A second reason to avoid direct illumination of the secondary mirror with light focused by the primary mirror is that this light will result in significantly more scattering at the uplink sensor detector than that produced directly by the primary mirror. Though the primary mirror is generally considerably larger than the secondary mirror, the concentration of the light by the primary mirror generates roughly the same amount of total scattering from both surfaces. However, the secondary mirror is optically much closer to the detector than the primary mirror, resulting in a significantly larger effective solid angle presented by the detector. We estimate that for a typical optical transceiver system, scattering from the secondary mirror generates approximately 25 times the amount of scattered light at the detector as the same total amount of light scattered from the primary mirror.

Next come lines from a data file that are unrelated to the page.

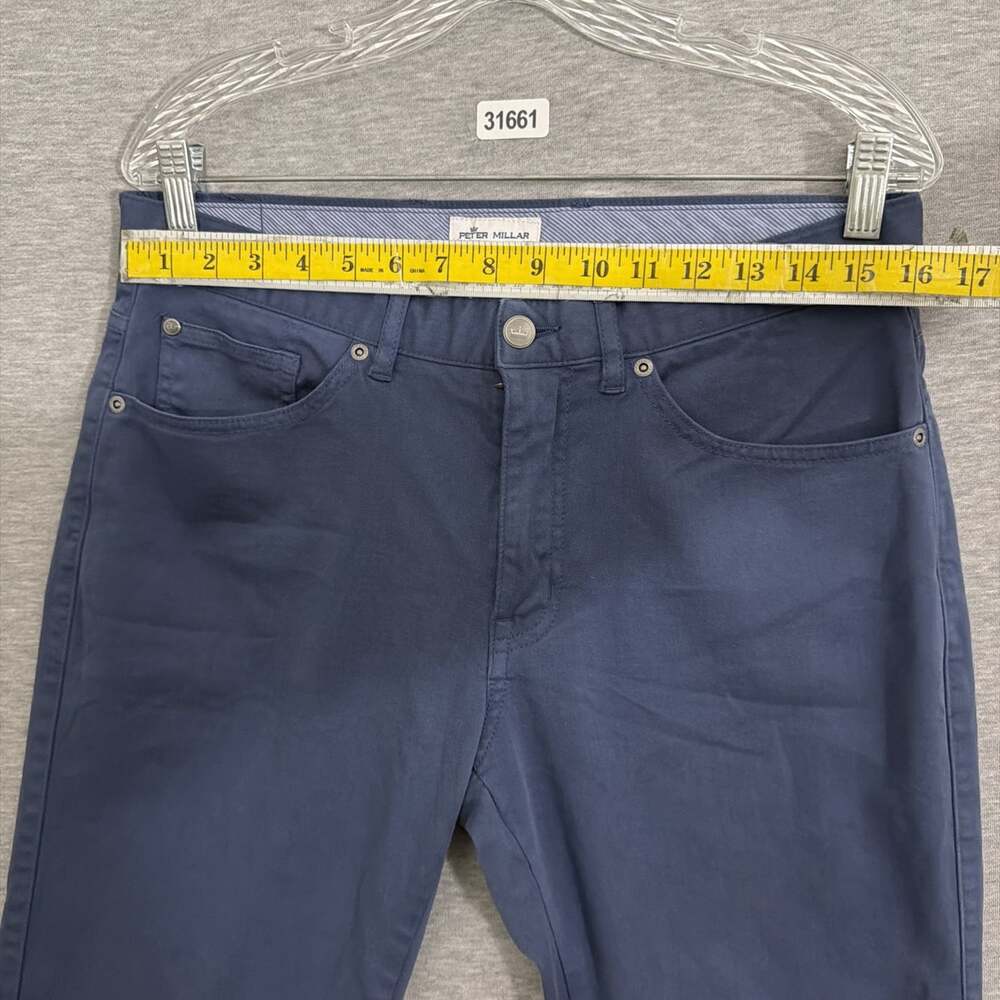 Peter Millar Mens 32 Navy Ultimate Sateen 5 Pocket Straight Leg Pants - Picture 12 of 13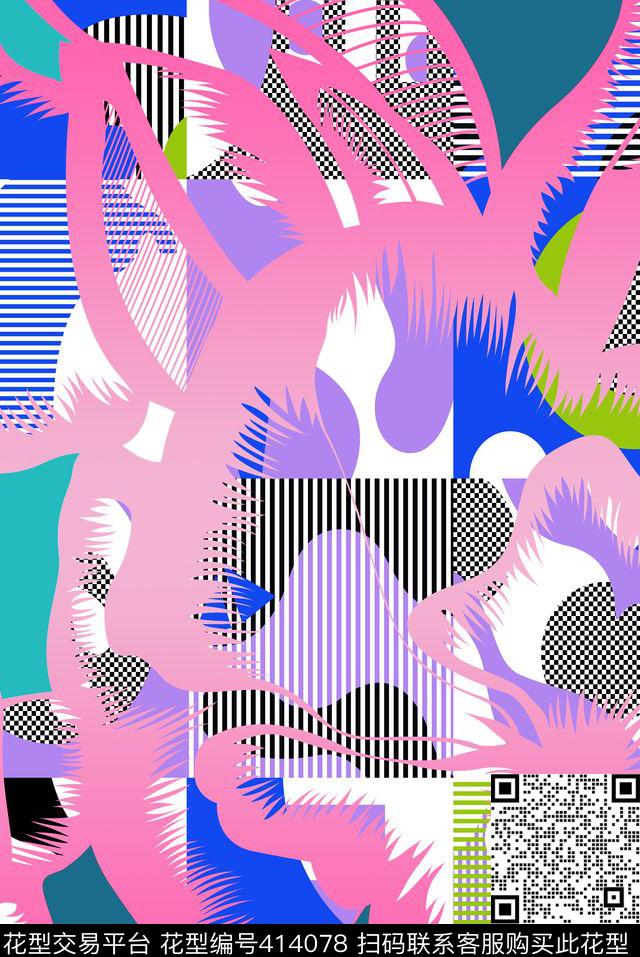 大牌几何彩色数码印花华亿平台下载（图片编号: 414078） - 瓦栏（Walan）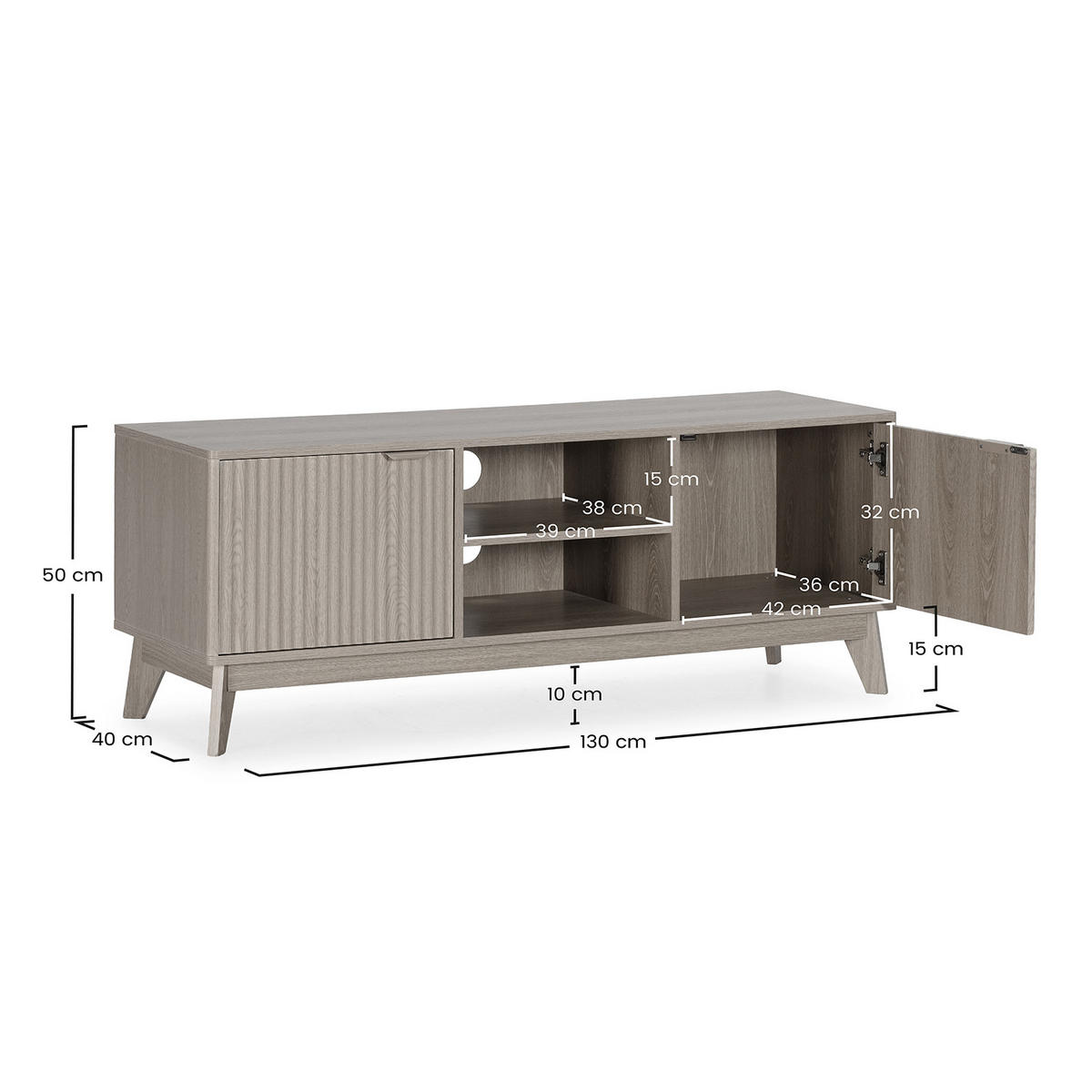 TV-ELEMENT Oporto 2 türen Eichenfarbe - Honigeiche, Holzwerkstoff (130/50/40cm) - VS Venta-stock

Introducing a field stop prior to the secondary mirror almost completely eliminates secondary mirror scattering, thus enabling near-Sun operations. It also acts as a first line of defense against damage produced by accidental direct-Sun pointing. A deep-space optical communications terminal can operate with a required field of as little as 1 mrad, approximately 1/10^th the angular subtense of the disk of the Sun when observed from 1 AU. Implementing a Gregorian collecting telescope with a 1 mrad field stop in a transceiver can therefore limit the total amount of sunlight transmitted on to the remaining optical channels to about 1% of the power collected by the primary mirror, even during direct-Sun pointing.

D.

Telescope Materials

Achieving light weight optical designs which can operate over the wide range of thermal loading conditions to which a deep-space optical transceiver will be subjected requires careful consideration and selection of candidate materials. To that end, we considered several different candidate materials for inclusion in the system.

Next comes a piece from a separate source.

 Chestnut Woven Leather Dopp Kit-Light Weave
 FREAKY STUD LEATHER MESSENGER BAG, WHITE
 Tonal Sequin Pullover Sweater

The choice of material was driven largely by the two overriding concerns repeated throughout this paper: system mass and near-Sun operation. Reducing system mass (while maintaining optical alignment and optical wavefront requirements) requires material with very high specific stiffness (ratio of Young’s modulus to density). Maintaining operations under different solar loading conditions requires low transient thermal distortion. These parameters for various optical materials are shown in Fig. 3. Ideal candidate materials would fall within the triangular region shown at the upper-left portion of the graph. While ULE is slightly better in transient distortion, and Beryllium is better in specific stiffness, SiC is the best material for meeting both requirements simultaneously.

Fig. 3

Specific stiffness and transient distortion plotted for various candidate materials. The system requirements drive the choice of materials within the magenta triangular region.